In running react drills for Marines in embassies, I learned how much harder it was for them to deal satisfactorily with less lethal intruders. They were far better prepared (mindset, equipment, posture, etc.) to deal with the fantasy deadly ninja teams than with a relatively harmless hooligan or activist. The Kent State flowers-in-rifles picture always came to my mind. And it froze them. We're reacting to having similar things happen to us on a much larger and deadlier, higher stakes scale.

We have seen that good capabilities in COIN are not lesser included capabilities for major theater war (MTW). They are different capabilties. In many ways, more complex and more challenging for the individual and small unit than MTW. But that doesn't mean that the reverse is true, that MTW is a lesser included capability of COIN. I happen to believe that the individual who can do COIN well can more readily adapt to MTW than vice-versa, but the scope and scale of the equipment, organization, and realted collective skillsets for MTW prevent a true two-fer in that direction. For a tiny window into that, picture a 1990s Bn from 1st Marines, all MEU(SOC)'d up, trying to do a CAX -- about as painful as 7th Marines in boats.

The sole remaining superpower is, almost by definition, not going to go toe to toe with a peer competitor. So we need to continue to adjust the "loaded for bear" idea that dominated the last decades, and reload for squirrel. History shows that our military's subsistence diet is squirrel, even when there are other bears out there.
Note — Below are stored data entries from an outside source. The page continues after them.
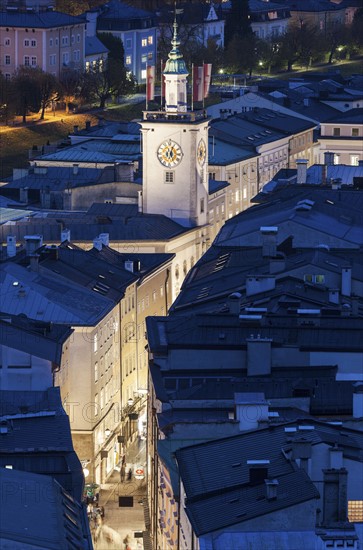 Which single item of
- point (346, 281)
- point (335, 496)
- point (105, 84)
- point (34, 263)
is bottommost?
point (105, 84)

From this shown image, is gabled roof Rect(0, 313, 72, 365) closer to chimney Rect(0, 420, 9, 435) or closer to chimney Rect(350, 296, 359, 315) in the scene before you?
chimney Rect(350, 296, 359, 315)

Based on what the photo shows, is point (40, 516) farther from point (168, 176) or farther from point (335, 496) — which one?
point (168, 176)

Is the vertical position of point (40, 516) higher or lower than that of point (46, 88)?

Unfortunately, we don't need a peer to have a MTW requiring conventional skills, and the consequences of losing a MTW are at least as painful and probably far more immediate than of being neutered in our inability to successfully prosecute a small war or COIN. Even the baby bears have claws and teeth, and the cornered squirrels bite like hell.

So, we can't afford to suck at either, and it isn't good enough to optimize one since there is no two-fer. But we can't afford to field the dream team for either type of war, let alone both. It is a vexing problem.